Наконец, после четырех часов дня текст вроде бы был окончательно согласован и была сделана попытка его напечатать. Но дежурная машинистка была неопытной и очень нервной, а пишущая машинка отказывалась работать, в результате чего ответ пришлось писать вручную гектографическими чернилами, а копии желировать […] Последние полчаса были полны лихорадочной работы. В готовых копиях текст был кое-где исправлен пером. Одна целая фраза, помещенная в скобки, была полностью вымарана чернилами. В 5:45 вечера Груич передал текст в конверте Пашичу[1443]
.Пашич надеялся, что Груич или кто-то другой из коллег передаст ответ барону Гизлю, но, когда никто не вызвался сделать этого, он сказал: «Хорошо, я сам отдам ему», спустился по лестнице и пошел на встречу с Гизлем, в то время как все министры и официальные лица поспешили на вокзал, чтобы успеть на поезд в Ниш, куда эвакуировалось сербское правительство, готовясь к приближающемуся конфликту.
Ответ сербов мог показаться запутанным, но это был шедевр дипломатической изворотливости. Барон Мусулин, составивший первый проект австрийского ультиматума, охарактеризовал его как «самый блестящий образец дипломатического мастерства», с которым он когда-либо сталкивался[1444]

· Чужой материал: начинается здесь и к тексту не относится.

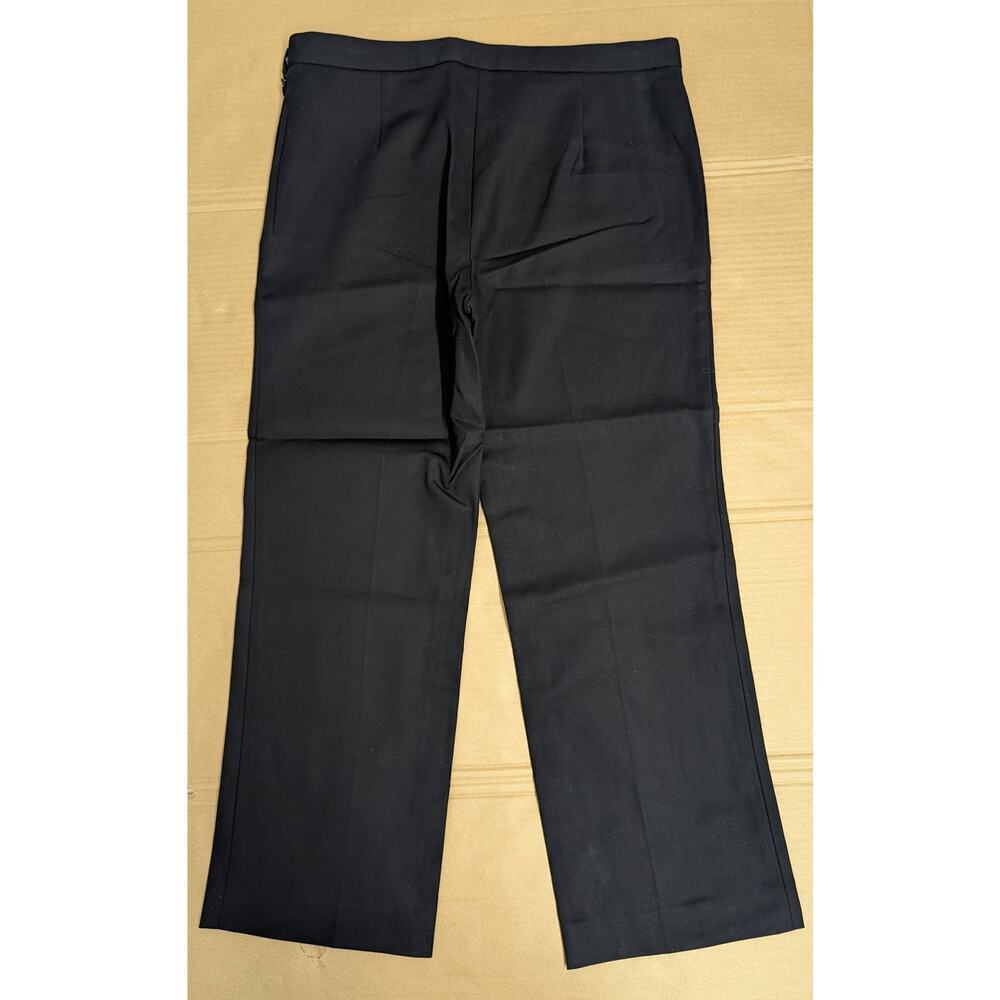 NWT $690 THE ROW Seloc Crop Stretch Cotton Straight Size 8 Dress Pants - Picture 6 of 10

. Ответ начинался с уверенной ноты. Утверждалось, что сербское правительство неоднократно демонстрировало во время Балканских войн свою умеренную и миролюбивую позицию. В самом деле, именно «благодаря Сербии и той жертве, которую она принесла исключительно в интересах европейского мира, этот мир [был] сохранен». Поэтому составители ответа были уверены, что их ответ устранит любое недопонимание между двумя странами. Поскольку правительство не могло нести ответственность за действия частных лиц и не осуществляло прямого контроля над прессой или «мирными процессами в обществе», оно было удивлено и обеспокоено обвинениями, исходящими из Вены[1445].